Growing field-to-fork system offers challenges, rewards

Published 10:00 am Tuesday, January 24, 2023

BOISE — Continued commitment from farmers and restaurant owners can help the local food system grow despite the challenges it faces, FARE Idaho panelists said during a meeting last week.

The nonprofit’s acronym stands for Food, Agriculture, Restaurants and Establishments. The Boise-based group formed about three years ago to support family farms and independent restaurants, retailers and food and beverage producers. It held its first Field to Fork Festival Jan. 19.

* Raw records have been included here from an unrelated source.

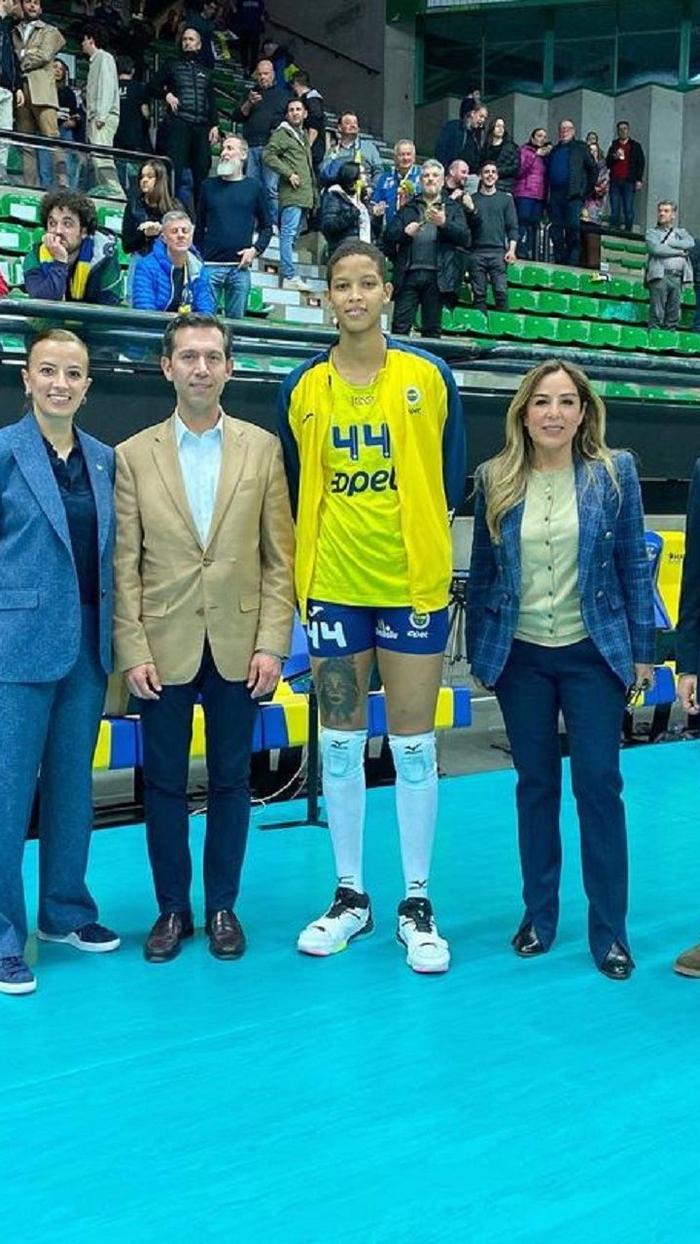 红浪福莱之巅绰号黑豹欧冠征程再度起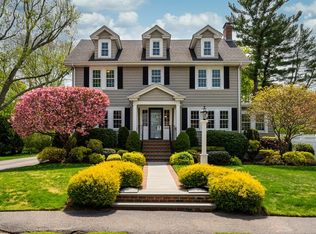 90 Meredith Cir, Milton, MA 02186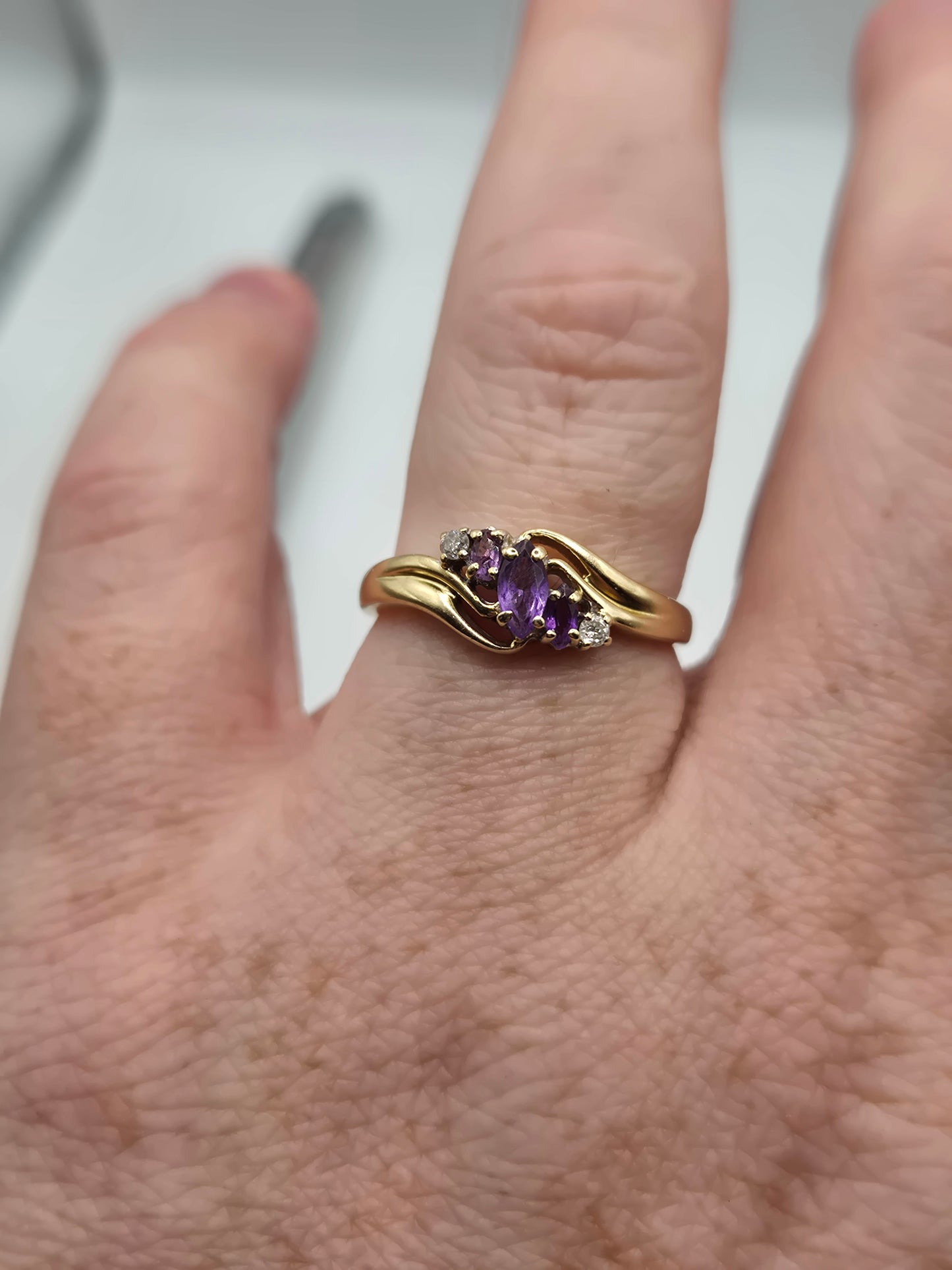 9ct gold amethyst and diamond ring
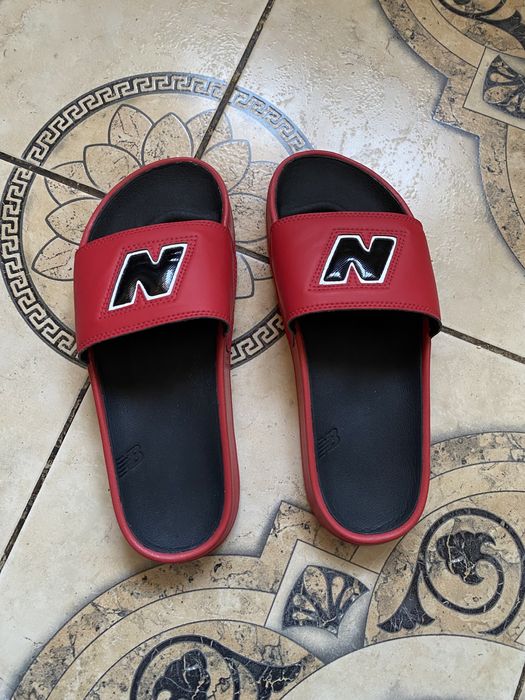 Шлепанцы тапочки шлепки тапки UNISEX унисекс NEW BALANCE 200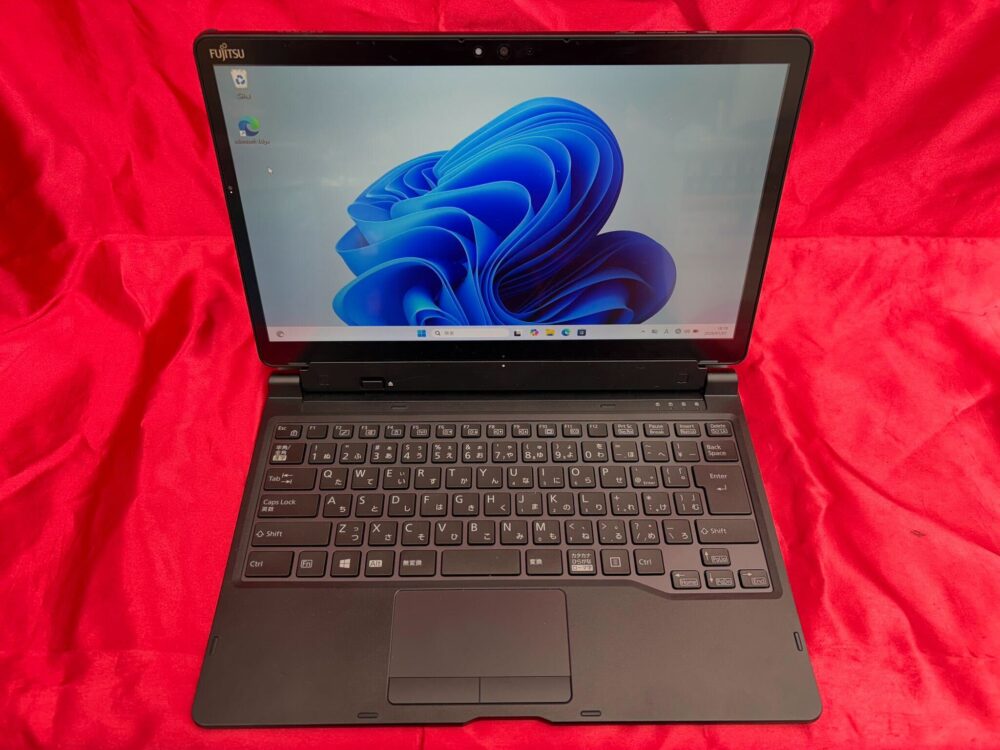 第8世代Core i3搭載の富士通製ノートPC中古が格安の12,800円！NEC製が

“Nothing is close in Idaho,” a challenge to efficient distribution, said Wilder Jones of the Wild Spaces micro dairy and King’s Crown Organic farms in the Glenns Ferry-King Hill area, which is between Twin Falls and Boise.

Using distributors can boost efficiency but may create other costs, such as potentially losing control over the product before it gets to the consumer, he said.

“A really hard challenge as a producer is to let someone else do what you should be doing,” Jones said.

For in-state business, his family uses a network of local restaurants, grocery stores and drop points at spots such as shopping centers. “It works because we all have a similar ideology and mission,” he said.

Boise nonprofit Global Gardens supports beginning farmers from diverse backgrounds by providing access to land, training and the market. Its small staff makes marketing a challenge, said Karyn Levin, food hub coordinator.

Yellow Brick Cafe in Twin Falls gets its meat, dairy and produce from local or regional farms, owner Kathy McRae said. She found a citrus grower fairly close, part of a recent move to add unique offerings.

The restaurant and its suppliers have partnerships that work well partly because each party keeps the other’s needs and capabilities in mind, she said. Distribution has been “the greatest heartache,” though a strong partnership can improve the situation by adding value — such as when a restaurant forecasts its needs for the coming season.

Chefs could work closely with farmers to buy from the part of the crop that doesn’t look as good as the high-graded portion and work out a fair price, Moscow restaurateur George Skandalos said. This would build trust and leave more of the prime crop available for retail sale.

Using less common crops such as winter kale is another opportunity for chefs and restaurants, he said.

Farmers who list food as available to restaurants and retailers risk losing a walk-up sale at full price. Online platforms help buyers and sellers find each other and track availability, but they work best when available crop volumes and timetables are updated on a set schedule or as soon as a change occurs, said Justin Buckley, FARE Idaho program manager.

Selling locally grown food means neighborhoods and growers benefit, said Melinda Schab, general manager of the Moscow Food Co-op.

Buying food produced close to home helps local economies, said McRae. She enjoys letting the community “know the value of local food.”